Herbert se desanimó al leer esto. Si estuviera escrito solo con letras, pensó, no tendría más que averiguar las letras de sustitución. Pero esto…
Se rascó la cabeza con vigor desacostumbrado. De lo único de lo que estaba razonablemente seguro era de que aquella palabra en clave no parecía referirse a ninguno de los pueblos de la isla de Samotracia. Herbert tenía la impresión de que la «isla encantada por las hadas» de Humphrey no era una isla en absoluto.
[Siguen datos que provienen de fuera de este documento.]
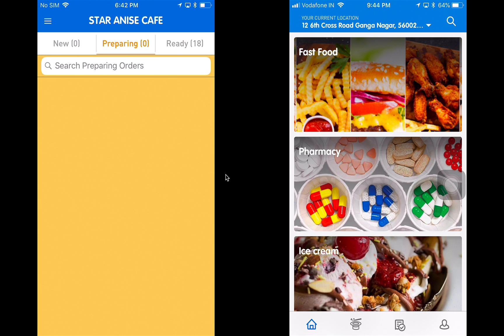Welcome to a quick demo of the iDeliver application by AppScript. The iDeliver application is capable of powering businesses very similar to Postmates, Deliveroo, Swiggy, Food Panda, Grubhub, Hungry House, etc.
Está jugando, se dijo. Y a mí siempre se me han dado bien los juegos.
Echó un vistazo a su reloj y paseó luego la mirada por la sala. Le sorprendió sobremanera ver que el hombre que se había puesto a su lado en el autobús estaba ahora sentado en la biblioteca, a menos de diez metros de su mesa.
No me estará siguiendo…… pensó Herbert, pero descartó aquella idea meneando la cabeza. No, no, Herbert. Últimamente lees demasiado sobre misterios.
Iba a empezar a contestar el montón de cartas que tenía sobre la mesa cuando se le ocurrió una última idea sobre Humphrey Trencom. Era una idea que, vista en retrospectiva, le pareció bastante brillante. Echó mano del volumen siete del diccionario Oxford y buscó la palabra «hermafrodita». «Animal en el que los órganos sexuales masculinos y femeninos están normalmente presentes en el mismo individuo», decía la entrada. «Algunos hermafroditas pueden fecundarse a sí mismos».
¡Claro!, pensó Herbert. Cómo no se me habrá ocurrido antes. Una pi-pi-pi-pista falsa. Sí, claro. Una pista falsa colosal, al estilo de Humphrey. Pero no del todo mentira.